Advice for picking the perfect pumpkin

Halloween is coming, and that means it’s time for pumpkin picking. Pumpkins aren’t cheap, so you want to make sure you’re going at the right time of the month to get the most from your gourd. On the bright side, there’s a good and a not-so-good time to pick your pumpkins. There are also some simple rules you can follow to ensure it still looks good on the big day.

An estimated 152 million Americans, which is 46% of the population, bought pumpkins last year, according to a report from Finder.com. Whether you’re buying 1 or 10, here’s some advice to pick the perfect one.
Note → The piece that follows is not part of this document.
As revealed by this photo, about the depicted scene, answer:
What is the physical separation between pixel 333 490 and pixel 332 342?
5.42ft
Fall pumpkin decor and flowers on stairs
KlavdiyaV / Shutterstock

When to pick pumpkins

Pumpkins, on average, will last about seven to eight weeks if they stay out of direct sunlight, frost, or other elements like rain or snow that can take weeks off their shelf life. But if you want your pumpkin at its peak on Halloween night, picking your pumpkin during the first two weeks of October is ideal. This is especially true because if you’re planning to keep them outside on your front porch, you can’t control the weather. This ensures your pumpkin will be in prime condition and you’ll be able to get a good selection that’s not picked over.

Pumpkins in a field against the sky
Image used with permission by copyright holder

What to look for when choosing a pumpkin

While you are out and about looking for the perfect pumpkin, there are a few things to keep in mind.
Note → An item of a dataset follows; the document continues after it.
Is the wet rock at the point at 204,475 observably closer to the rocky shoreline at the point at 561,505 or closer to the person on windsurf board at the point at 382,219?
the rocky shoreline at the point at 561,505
  • Avoid pumpkins that have black or brown spots, soft spots, or gashes in them. They will rot faster than ones that are in pristine condition, which is a waste of time and money.
  • Look over the pumpkin’s stem. Find one with a stem that’s at least two inches in width with a nice green color to it. This means the squash was just harvested and is ready to spend the remainder of its life happily sitting on your front porch.
Person with knife cutting a pumpkin for Halloween
Image used with permission by copyright holder

When to carve your pumpkin

Buying your pumpkin at the right time is just one consideration. Carving is another thing entirely. Because you’re exposing the inside of the pumpkin to the outdoors, you’ll want to wait to carve your pumpkin until about three or four days before Halloween. This gives you the chance to enjoy your design without the face caving in on itself by the time trick-or-treaters arrive on your doorstep.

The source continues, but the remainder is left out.